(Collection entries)
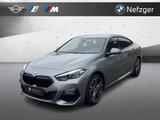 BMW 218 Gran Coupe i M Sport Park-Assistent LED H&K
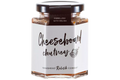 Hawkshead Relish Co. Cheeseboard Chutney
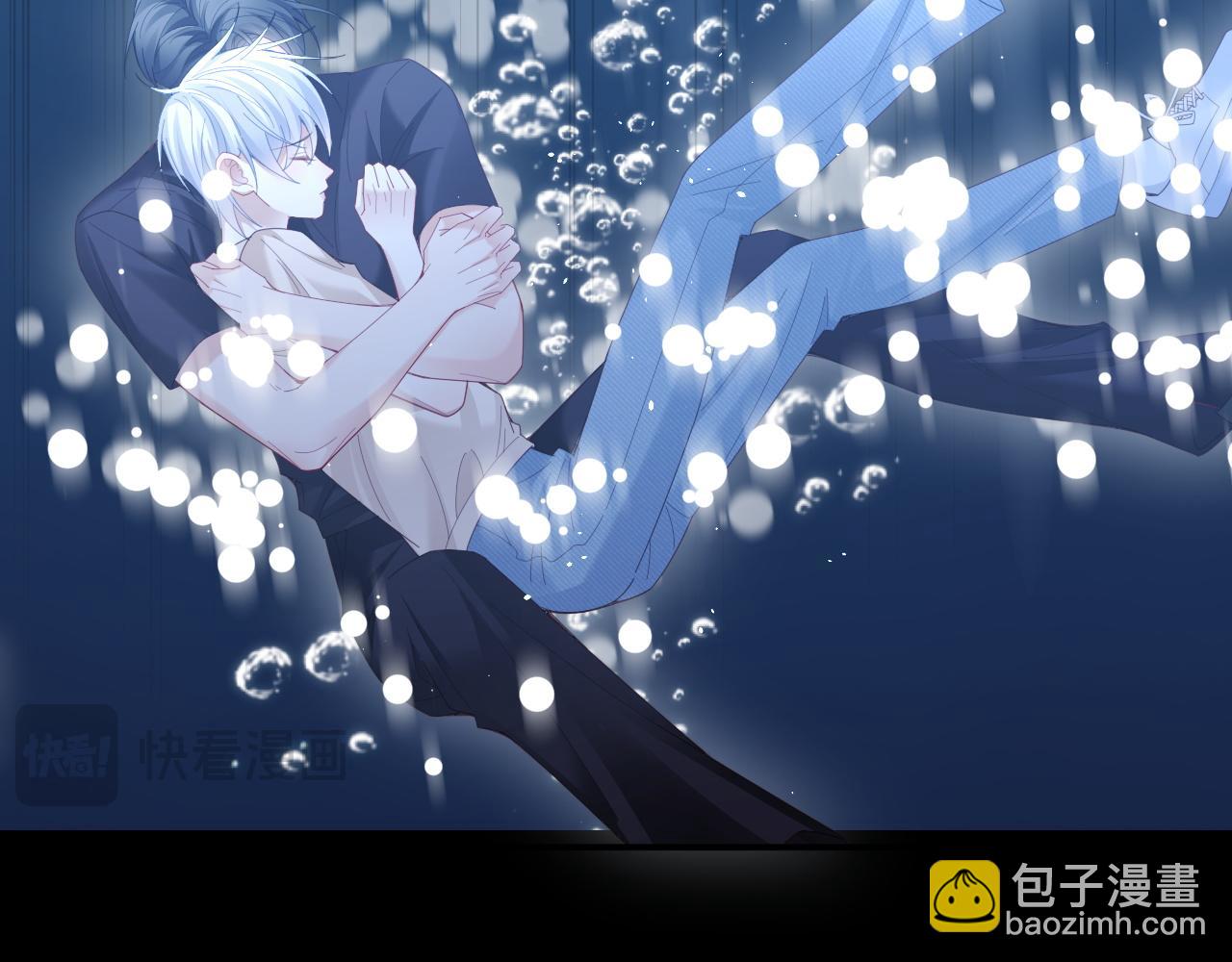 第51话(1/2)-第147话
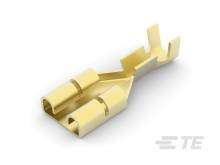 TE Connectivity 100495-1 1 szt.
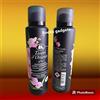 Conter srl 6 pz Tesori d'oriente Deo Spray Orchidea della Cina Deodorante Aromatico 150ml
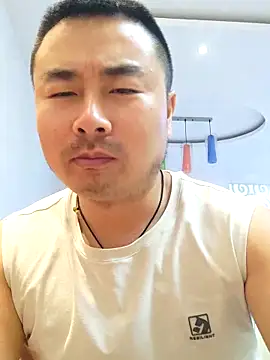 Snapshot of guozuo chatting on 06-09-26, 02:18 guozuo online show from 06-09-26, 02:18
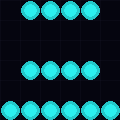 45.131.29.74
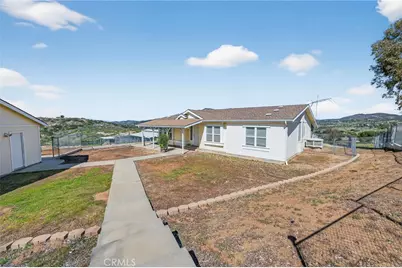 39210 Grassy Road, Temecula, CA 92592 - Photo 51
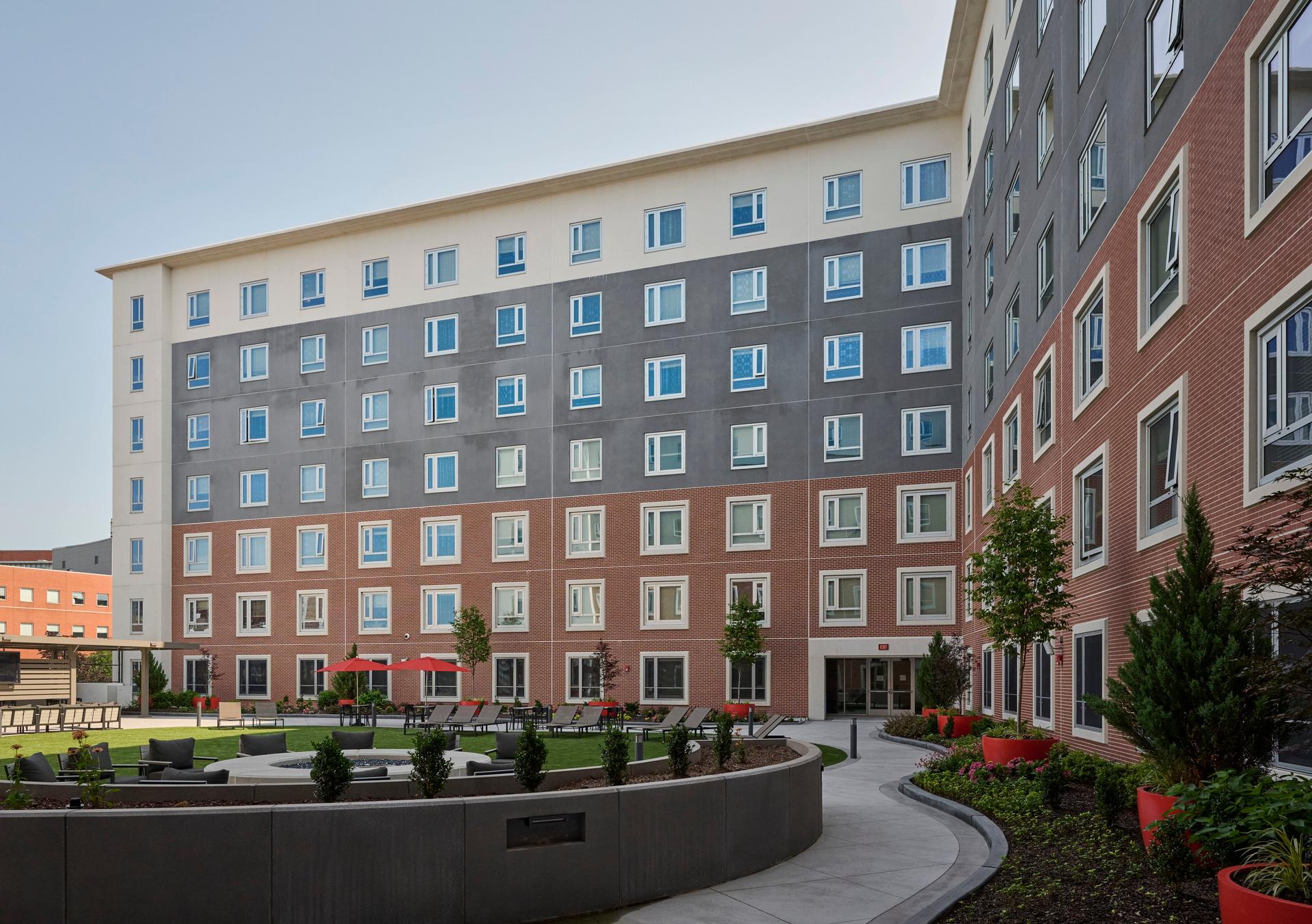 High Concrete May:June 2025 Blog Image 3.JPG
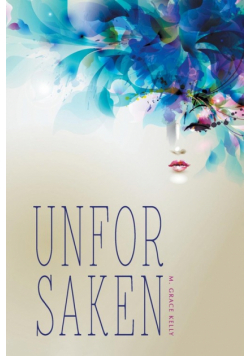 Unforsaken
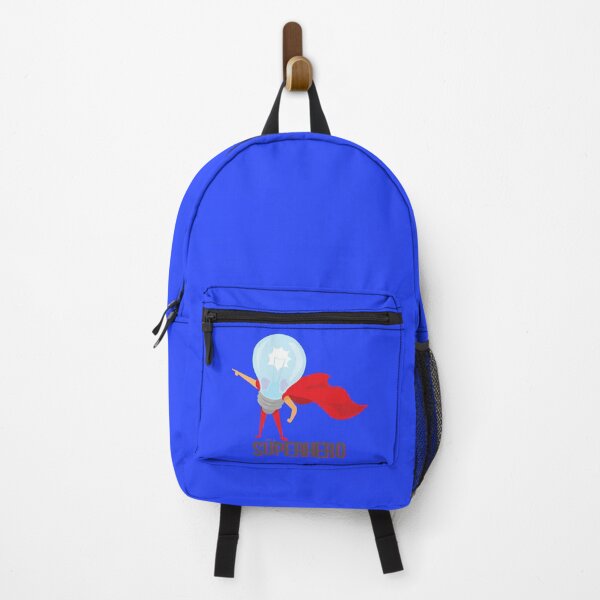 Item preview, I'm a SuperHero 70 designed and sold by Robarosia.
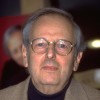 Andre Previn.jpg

What this task involves -
Drop every picture, then write out the remaining entries above exactly as they appear.

Solution below -
 BMW 218 Gran Coupe i M Sport Park-Assistent LED H&K
 Hawkshead Relish Co. Cheeseboard Chutney
 第51话(1/2)-第147话
 TE Connectivity 100495-1 1 szt.
 Conter srl 6 pz Tesori d'oriente Deo Spray Orchidea della Cina Deodorante Aromatico 150ml
 Snapshot of guozuo chatting on 06-09-26, 02:18 guozuo online show from 06-09-26, 02:18
 45.131.29.74
 39210 Grassy Road, Temecula, CA 92592 - Photo 51
 High Concrete May:June 2025 Blog Image 3.JPG
 Unforsaken
 Item preview, I'm a SuperHero 70 designed and sold by Robarosia.
 Andre Previn.jpg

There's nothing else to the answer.